Common elements: pain that worsens with sitting, the mental load of managing symptoms while appearing fine, bathroom strategy at work, applying medication away from home, and the difficult question of whether to tell anyone.
The pattern
Before work: the morning calculation
Most people describe the morning as the most critical part of the day. The goal is to have a bowel movement at home, manage the aftermath, and arrive at work in a window where the pain has settled enough to function.
What this typically looks like:
- Waking earlier than necessary to allow time for the bathroom
- A bowel movement followed by a sitz bath or warm shower
- Applying topical medication and waiting for it to take effect
- Assessing the pain level and deciding whether today is a manageable day or not
Some people describe mornings where the pain does not settle in time. They go to work anyway. Others describe calling in sick when a bad bowel movement sets the tone for a day they know they cannot get through.
The commute: driving with a fissure
For people who drive to work, the commute is a problem in itself. Sitting on a car seat — often for 30 minutes or more — is consistently described as painful. The vibration, the fixed position, the inability to shift or stand.
People commonly report:
- Pain that builds gradually during the drive
- Arriving at work already uncomfortable
- Using a cushion in the car (often a coccyx cushion or one with a cutout)

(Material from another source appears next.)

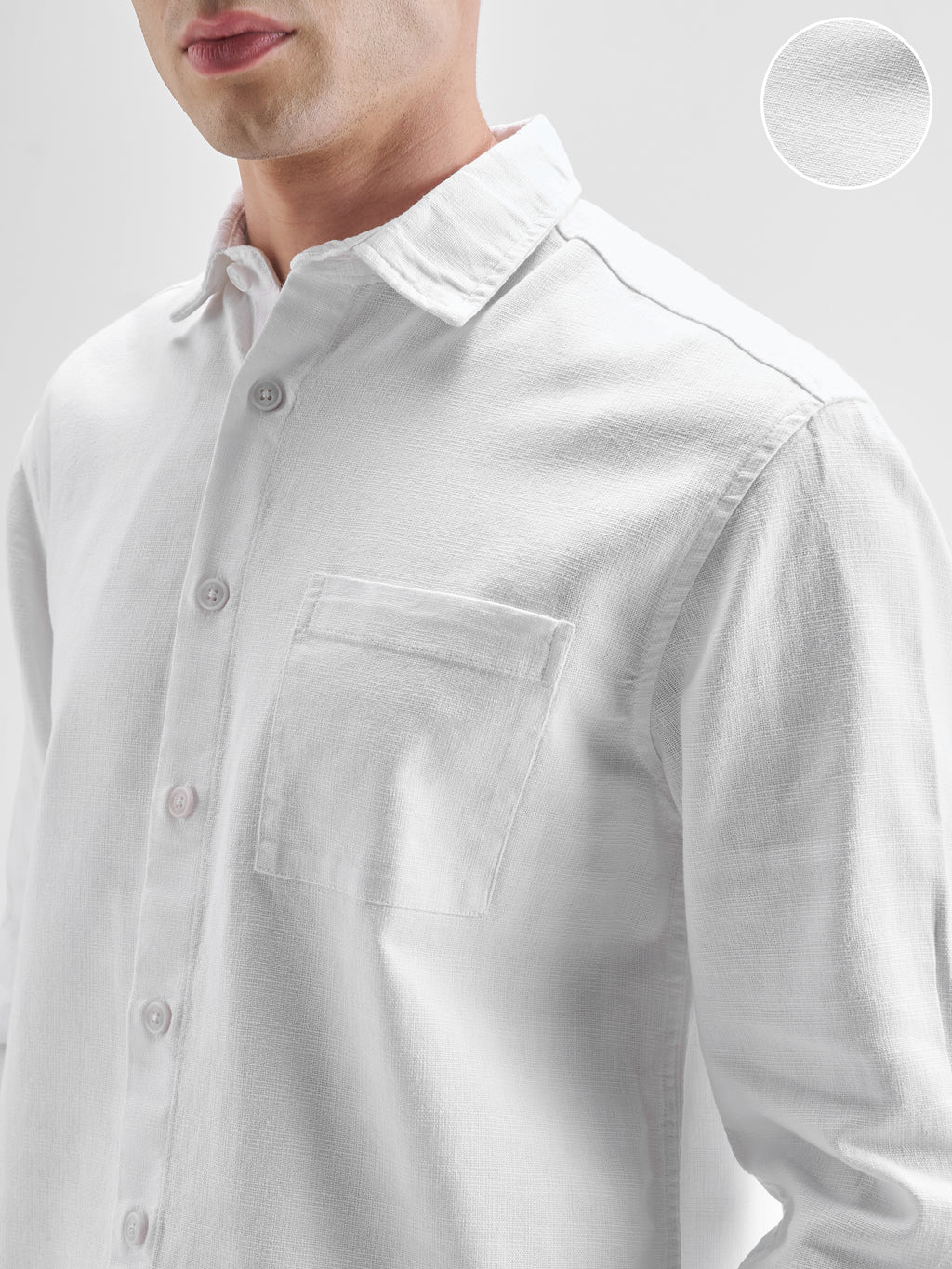 Highlander Men White Solid Oversized Fit Casual Shirt - White - Image 5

- Preferring public transport where standing is possible, even if it takes longer
At the desk: the sitting problem
This is the core difficulty. Most workplaces involve sitting. Meetings, desk work, video calls — all of them require staying in a chair for extended periods.
People describe:
- Pain that is manageable at first but worsens over 20 to 30 minutes
- Standing up frequently and trying to make it look natural
- Using a standing desk where available — often described as the single most helpful workplace adaptation
- Bringing a cushion to work and dealing with the self-consciousness of it
- The relief of standing compared to the dread of sitting back down
The bathroom question
Using the bathroom at work introduces complications that do not exist at home. People describe needing longer in the bathroom than before, needing privacy they cannot guarantee, and sometimes needing to apply medication.
Common concerns:
- Shared bathrooms with no real privacy
- The sound and time involved in managing symptoms
- Carrying medication or wipes without drawing attention
- Not having access to warm water or a sitz bath during the day
Telling people — or not
This is one of the most discussed aspects across forum threads. Most people tell no one. They manage entirely in private, making excuses for standing, for breaks, for absences.
Some people describe eventually telling a line manager or HR — usually when they need time off for a procedure or when the impact on their work becomes impossible to hide. The responses vary. Some managers are understanding. Others are uncomfortable. Many people simply never risk finding out.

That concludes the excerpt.